Dear Reviewer xtGA, thank you for your comments. Here are the answers to your questions and comments.

(1) Part of the theory was already done in [1]. ...

Indeed, the authors of [1] analyze the discrete-time Markovian projection and show that it converges to continuous-time projection in certain limiting cases. We cite this result in line 260. We will add additional citations and discussion in Section 3.3 after defining Markovian projection to highlight some aspects that have already been introduced in [1].

Please note that our Proposition 3.5 on KL-minimization extends the results from [1, Appendix E]. The authors of [1] considered the Markovian projection for a mixture of Markovian bridges. In turn, in our Proposition 3.5 we consider arbitrary distribution $\pi(x_0, x_{t_{1}}, \dots, x_{t_{N}}, x_1)$ without any assumptions on its conditional distribution $\pi(x_{t_{1}}, \dots, x_{t_{N}}|x_0, x_1)$ . It makes the proof technically more complex but provides a more general result.

(2) ... the purpose of the Gaussian study. ...

There are two purposes: to experimentally study the rate of convergence and to demonstrate that a closed-form solution for the multivariate Gaussian case can be derived within the discrete-IMF framework. In the final version, we will shorten Section 3.4 by moving detailed technical definitions (such as matrices $U$ and $K$ ) to the Appendix but retain the key points in the main text.

(3) The claim of exponential convergence should be tamed down. ...

We agree that the phrasing in line 294 could be misleading. This observation is based solely on our experimental results, and the whole discussion on convergence rate is placed inside the experimental section (Section 4), while all of our theory is placed in Section 3. We also directly mentioned that there is no theoretical proof in the limitation section (lines 465-467). To avoid possible misunderstanding, we will revise the bolded text.

(4) ... remove this noise ... consider a deterministic last step as a postprocessing ...

We use the original published code from the DSBM authors [1] to ensure a fair comparison. In this code, noise is not added at the last sampling step. As you requested, we additionally used the drift function for the last time-moment $t=0.99$ to add an extra denoising step at the final step of the sampling process.
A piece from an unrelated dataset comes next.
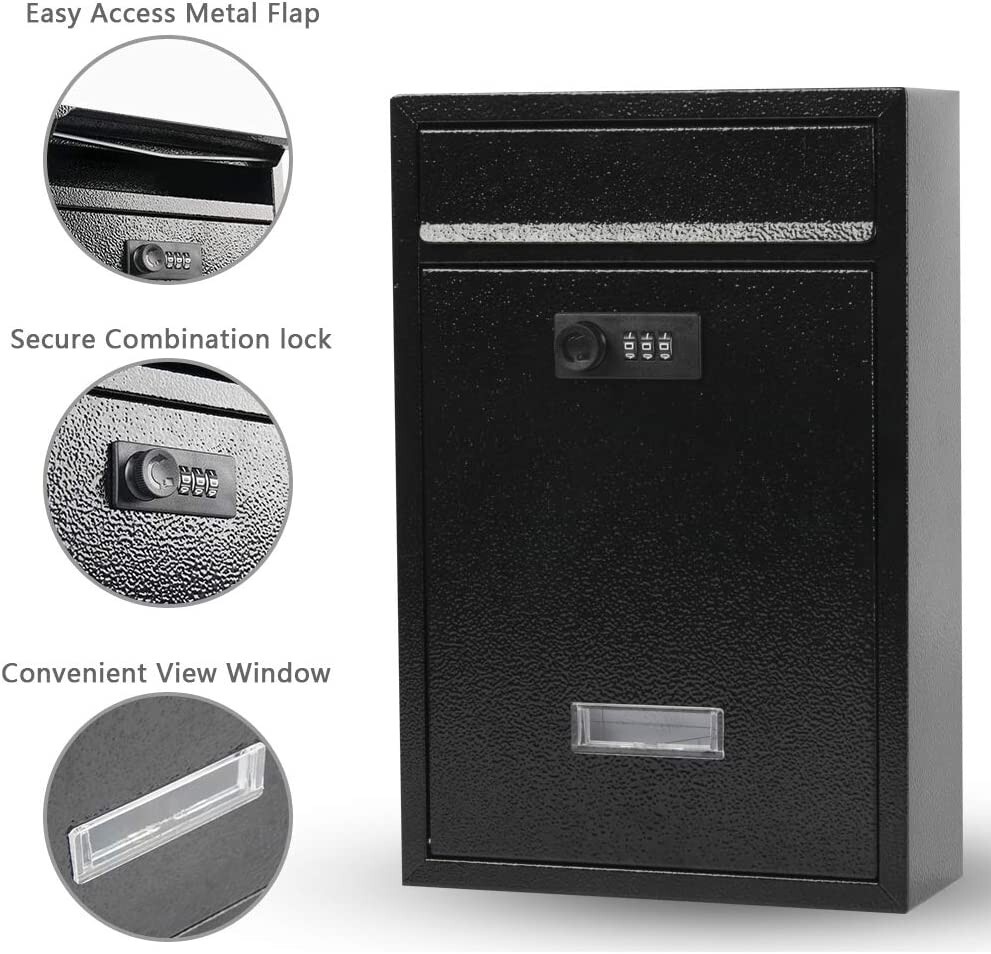 Mailbox Wall Mount With Lock Key Drop Box Parcel Cash Money Safe Mail Security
It indeed removes the remaining noise, (see the samples in Figure 4 of the attached pdf). For the Celeba setup with $\epsilon=1.0$ , we observe the improvement of the FID metric from $37.8$ to $29.7$ . We will add this additional result in the experimental section.

(5) ... it seems that the diversity is much lower than DSBM. I would like to see a proper investigation of this phenomenon ...

As requested, we provide a study on the diversity of images produced. We measure the diversity of images produced by DSBM and ASBM on the Celeba setup by utilizing the LPIPS diversity as was done in [3, Table 1]. We take a subset of $500$ images from the test part of the Celeba dataset. We sample a batch of generated images of size $16$ for each input image, compute the average distance between all possible pairs of these images, and average these values over all inputs. We present the results below for DSBM and ASBM and different values of the coefficient $\epsilon=1$ and $\epsilon=10$ .

	$\epsilon=1$	$\epsilon=10$
DSBM [1]	0.1047	0.1909
ASBM (ours)	0.0933	0.1878

Indeed, the LPIPS diversity is lower for ASBM. However, without a known ground truth for diversity, it is difficult to determine definitively whether ASBM provides insufficient diversity or if DSBM produces too much. We will include these findings in the final version of the paper and discuss this trade-off.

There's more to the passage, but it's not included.